While it was not known at the time, we now have media reports highlighting that in case of the six wound up debt schemes of Franklin Templeton (India), key employees and their kin were invested personally. Yet it was the small investor who suffered the most when those schemes were unceremoniously wound up in April 2020.
Mere participation in the mutual fund scheme by employees and directors of the AMC is not a shield against underperformance or indeed wrong doing.
Many veteran fund managers and a few younger ones do invest in the schemes they manage. Are investors in such schemes where fund managers already have a skin in the game better off than others? If anything there may just be a perverse incentive to take more risk with the skin in the game.
The SEBI circular has also challenged the basic and foremost principal of personal finance; each individual investor is different and has a unique risk profile. An equity fund manager’s job is to manage a portfolio within prescribed risk guidelines, but their own risk profile may not be adventurous enough to embrace 20 percent of monthly salary being forcefully invested in equity.

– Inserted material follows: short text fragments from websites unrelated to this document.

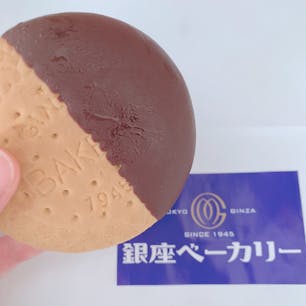 銀座ベーカリー🍪🍫

カステラビツケットサンドが美味しい！
このチョコがかかっている種類は
午後に行ったらもう最後の一つでした😭

#銀座一丁目カフェ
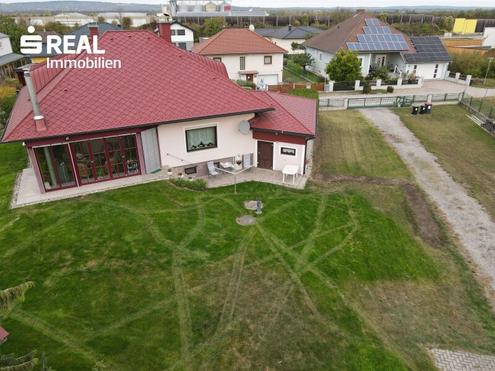 Gerumiges Einfamilienhaus mit groem Grundstck und Mehrzweckhalle in Grafenwrth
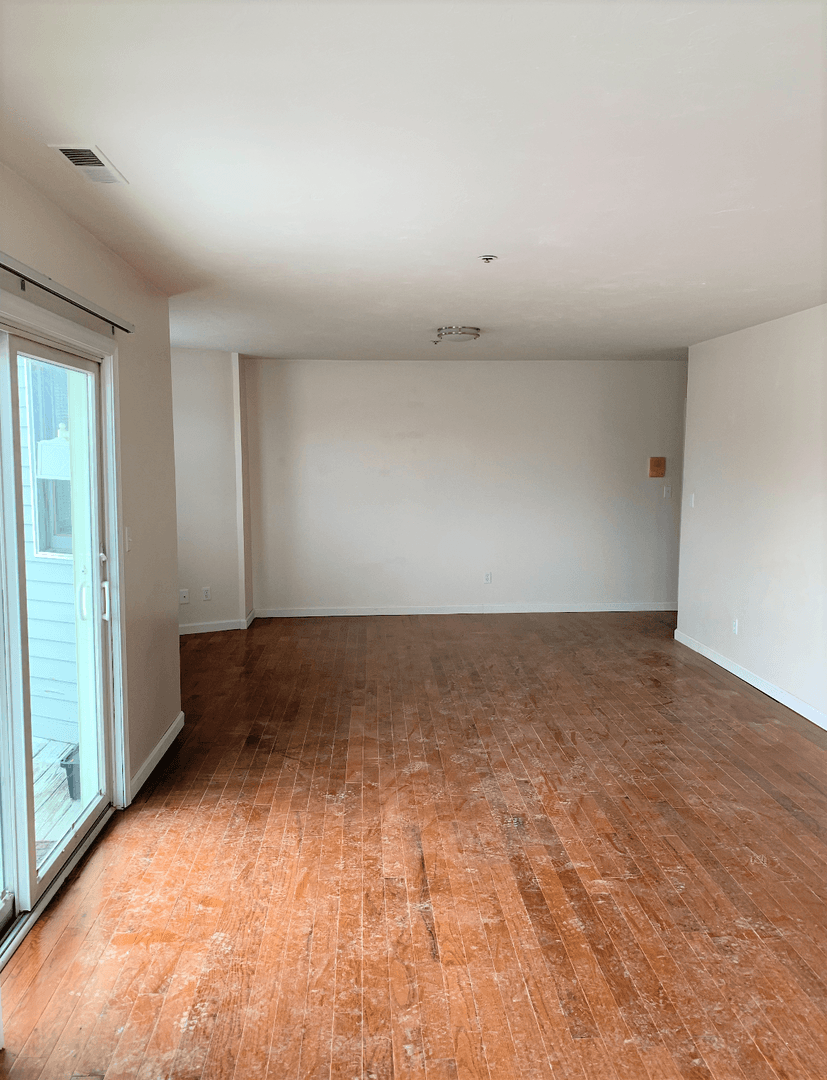 Onset Apartment: 4 Union Ave.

Each employee will have their own personal finance priority. While one junior research analyst in the equity investment team may want to invest more in creating wealth through equity, another may not want any equity risk on account of a large loan repayment issue. However, this new guideline forces the same investment allocation for both.
Not just that, it also takes away access to their savings by locking in the investment for three years. What about the liquid fund manager who has to remain locked into that scheme for three years? It’s not just a question of the individual’s allocation but also the structure of a liquid fund is not optimised for a three-year holding period.
Why is SEBI deciding asset allocation for individuals? What if the employee is attached to overseas funds or sector funds such as technology or FMCG; are they to just forget about investment goals and put 10 percent of their annual salary in these schemes (the circular mandates at least 50 percent in the relevant schemes).
The rest of the mandated 10 percent should go to schemes of similar or higher risk, but what if one individual employee wants to hold lower risk funds and not increase their personal investment risk? What about employees without a direct scheme link, should they simply invest in all five or 10 or 30 schemes of the fund house?
It’s easy to say that AMC’s should not have launched as many schemes but SEBI has given them the permission to do so, and now penalising them means washing off responsibility.
That brings us to the claw back rule, which should be applauded, but, who is going to prove wrong doing on behalf of the employee? If wrong doing is proven a year later how will the claw back get affected? SEBI itself has experienced that penalising wrongdoing can take years on end.
Plus, has SEBI checked whether all affected employees can afford to save 20 percent if they are living in cities like Mumbai and Delhi, which is where central employees of an AMC are based? Nearly 13 years ago when this author worked as a research analyst with a mutual fund house, the salary wasn’t anything great and the 20 percent saving was a maximum limit achieved only in some months; which also came thanks to being part of a double income, no kids set up.
There is scanty rationale in using brute force via regulation given that this is a fiduciary business of trust. There are fund houses which have built trust through a skin in the game approach as a choice and they are seeing positive outcomes, while others are losing investors. This is how a free market functions.
Within a day of the circular being released, there are simpler solutions being suggested across social media, keeping the objective in mind. One has to wonder if the guidelines were discussed and debated internally and in collaboration with the industry body Association of Mutual Funds of India (AMFI), or whether it was a just a bureaucratic tick mark for one more action completed for the year?